[WORK TO BE COMPLETED] Produce word for word the lines of the data below running from the one that has "Cream Rust Leeston" to the one that has "Children's Cave Shoes", inclusive, and no others.

═══ GIVEN DATA

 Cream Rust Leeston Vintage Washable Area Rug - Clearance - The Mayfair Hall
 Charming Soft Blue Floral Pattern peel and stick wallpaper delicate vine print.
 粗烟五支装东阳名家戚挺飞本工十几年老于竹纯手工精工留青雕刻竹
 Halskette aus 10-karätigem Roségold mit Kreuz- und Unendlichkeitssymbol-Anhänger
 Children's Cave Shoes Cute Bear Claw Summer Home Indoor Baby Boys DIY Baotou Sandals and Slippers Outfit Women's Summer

══════
═══ GIVEN DATA

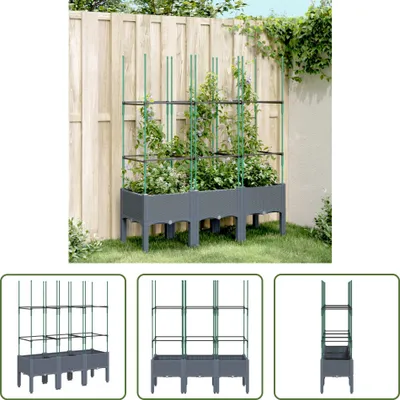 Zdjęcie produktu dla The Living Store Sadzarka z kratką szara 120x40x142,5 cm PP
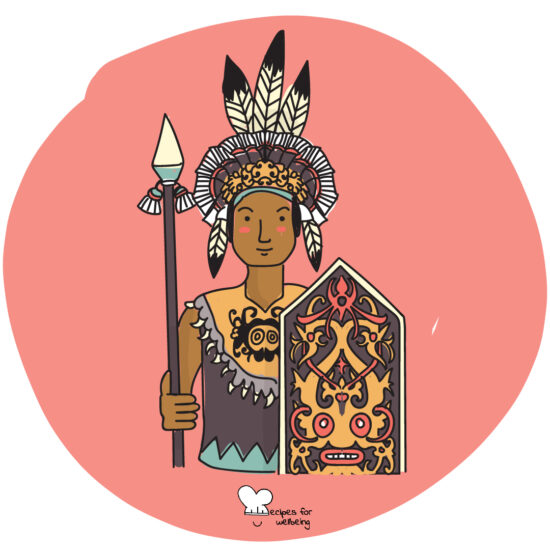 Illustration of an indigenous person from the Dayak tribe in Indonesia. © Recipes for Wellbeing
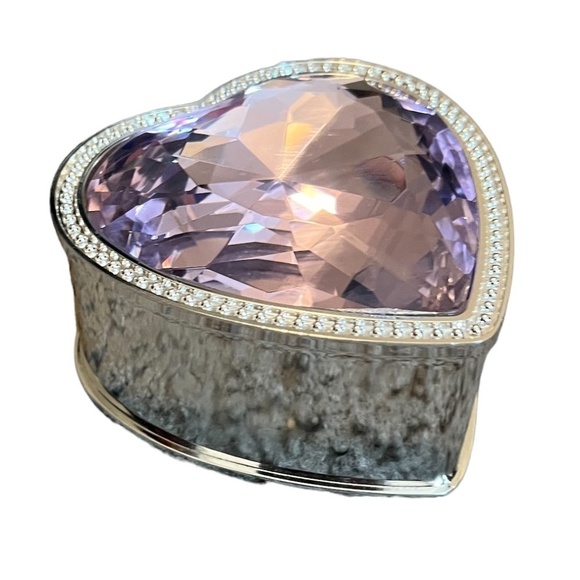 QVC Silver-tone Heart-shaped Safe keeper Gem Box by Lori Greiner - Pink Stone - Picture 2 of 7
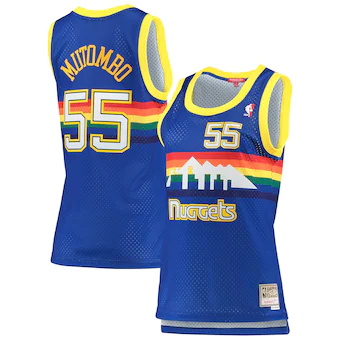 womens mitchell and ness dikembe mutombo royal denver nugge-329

══════
═══ GIVEN DATA

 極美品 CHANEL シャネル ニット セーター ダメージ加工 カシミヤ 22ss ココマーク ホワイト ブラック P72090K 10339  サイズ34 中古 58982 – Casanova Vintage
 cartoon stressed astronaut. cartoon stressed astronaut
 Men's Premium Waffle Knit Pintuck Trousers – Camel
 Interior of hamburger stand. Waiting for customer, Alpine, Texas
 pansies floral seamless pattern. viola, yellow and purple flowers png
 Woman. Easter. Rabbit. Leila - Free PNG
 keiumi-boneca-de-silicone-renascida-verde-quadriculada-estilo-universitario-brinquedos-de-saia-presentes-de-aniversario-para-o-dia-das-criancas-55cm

══════

[ANSWER TO THIS EXERCISE]
 Cream Rust Leeston Vintage Washable Area Rug - Clearance - The Mayfair Hall
 Charming Soft Blue Floral Pattern peel and stick wallpaper delicate vine print.
 粗烟五支装东阳名家戚挺飞本工十几年老于竹纯手工精工留青雕刻竹
 Halskette aus 10-karätigem Roségold mit Kreuz- und Unendlichkeitssymbol-Anhänger
 Children's Cave Shoes Cute Bear Claw Summer Home Indoor Baby Boys DIY Baotou Sandals and Slippers Outfit Women's Summer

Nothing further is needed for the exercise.